Mired in the fallout, too, are the election chances of some black candidates who have been aggressively courting "the Jewish vote." Hasidic support appears to be in jeopardy with Council leaders declaring they will require political hopefuls and incumbents to make plain their positions on the allegation that Dinkins did not do enough to protect Jews during deadly race riots in Crown Heights eight years ago.

Council leaders say Crown Heights Jews felt "100 percent" insulted upon learning last week, in a story first reported by the Voice, that Mrs. Clinton had assured Dinkins he will play a prominent role in her campaign.

"She will never get a meeting here in Crown Heights!" vows Sperlin. "She is not welcome! I will give you a million dollars if she gets a meeting with the Jewish community. She is an anti-Semite. She doesn't have the tact to be a senator. Let her go back to Arkansas. She doesn't know the first thing about New York."

What would happen if Mrs. Clinton bypasses the Council and reaches out to less confrontational Jewish leaders in Crown Heights? "My community is solid," Sperlin boasts. "Anybody who wants a meeting comes through me. If it's another Jewish activist, he comes to me."
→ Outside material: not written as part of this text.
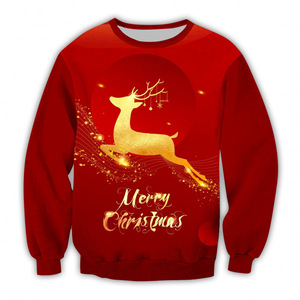 Suéter de Invierno Transpirable para <span class=keywords><strong>Mujer</strong></span>, Cuello Redondo, Estampado Digital, Manga Larga, Diseño Navideño - Product Image 3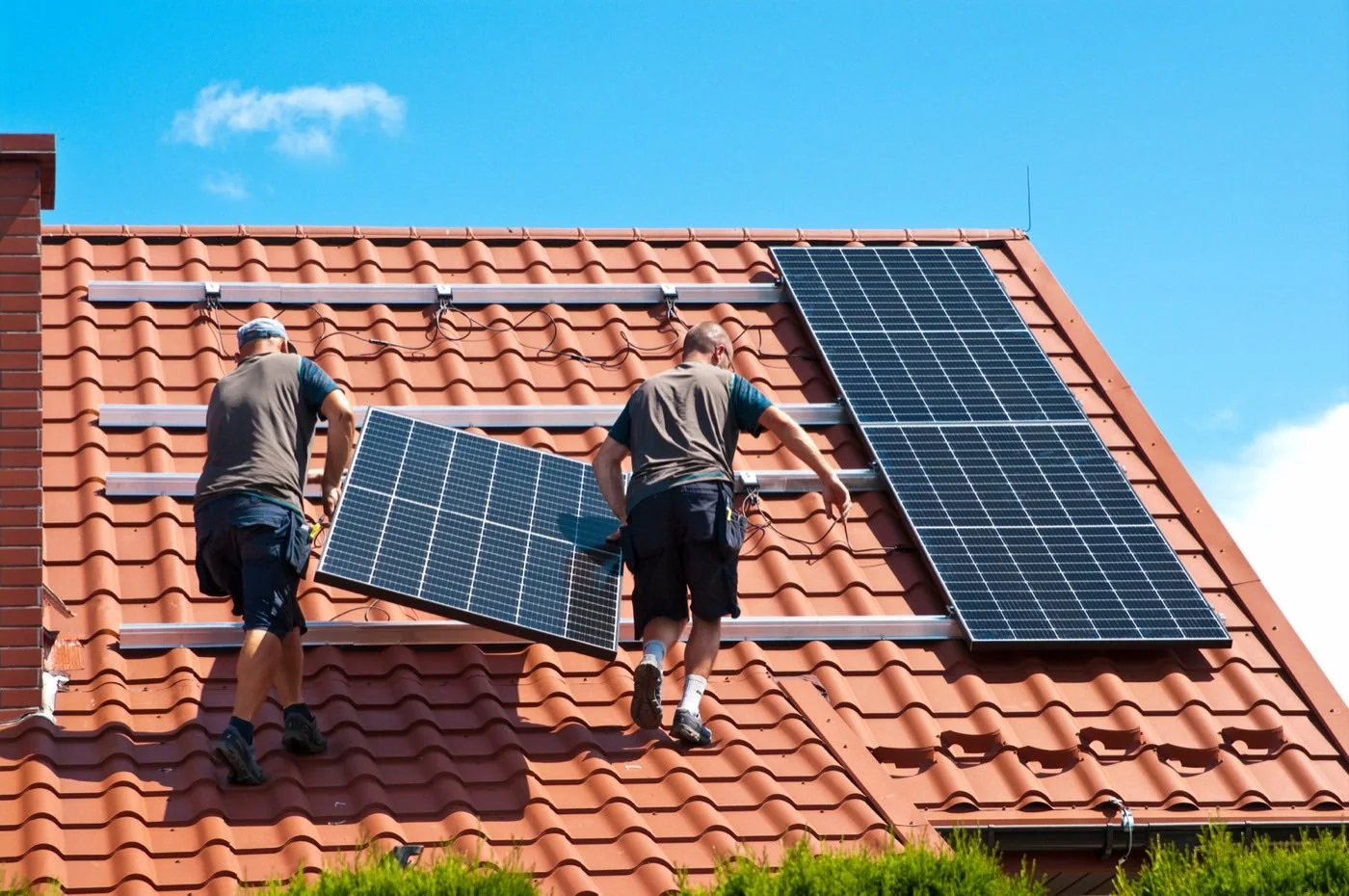 Solarmodule mit Teilverschattung durch Bäume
It seems that every time the First Lady flies into New York, she is engulfed in the turbulence of a crosswind landing. Every special-interest group demands that she touch down in its backyard— or else. Charges of preferential treatment began to dog Mrs. Clinton in Crown Heights two weeks ago after she appeared at the Concord Baptist Church in mostly black Bedford-Stuyvesant, the first New York City stop on her so-called listening tour. "Hillary Clinton was about 15 minutes away from Crown Heights," declares the combative Sperlin, contending that a meeting with Hasidic Jews apparently was not a top priority for Clinton organizers.

"She showed her true colors, not that she had to show it," he asserts. "We all knew what her color was before she did."

Before Mrs. Clinton announced that she might run for the Senate in New York, many Orthodox Jews had been suspicious of her. But like any Senate candidate from New York, she is courting the state's influential Jewish vote.

Recently, the Methodist Mrs. Clinton revealed through Howard Wolfson, a spokesman for her exploratory committee, that members of her family were Jewish. When Wolfson told The Forward, a Jewish weekly, that Mrs. Clinton "has very fond memories" of her step-grandfather, Max Rosenberg— a Russian-born Jew— Jews like Sperlin reacted in disgust.

"How many years has she been in the White House?" the activist asks. "Did we ever hear about those Jewish roots before? Why not? It's because she wants something from the Jewish community at large. This is plain bullshit!"

Mrs. Clinton angered potential Jewish voters last year by voicing support for a Palestinian state. The Palestinians intend to establish a state on the West Bank and Gaza, with its capital in Jerusalem. In an about-face, Mrs. Clinton recently told Jewish leaders she considers Jerusalem "the eternal and indivisible capital" of Israel. She has also said she favors moving the U.S. Embassy from Tel Aviv to Jerusalem.

Sperlin describes Mrs. Clinton as a "two-faced" politician who, in effect, flip-flopped on the question of Jerusalem. "The place where my forefathers are buried? I should give this away? I mean, is she nuts? When you lie once you can't be trusted . . . ," he says, referring to her statements on Palestinian statehood and Jerusalem. "She went against the Israeli government."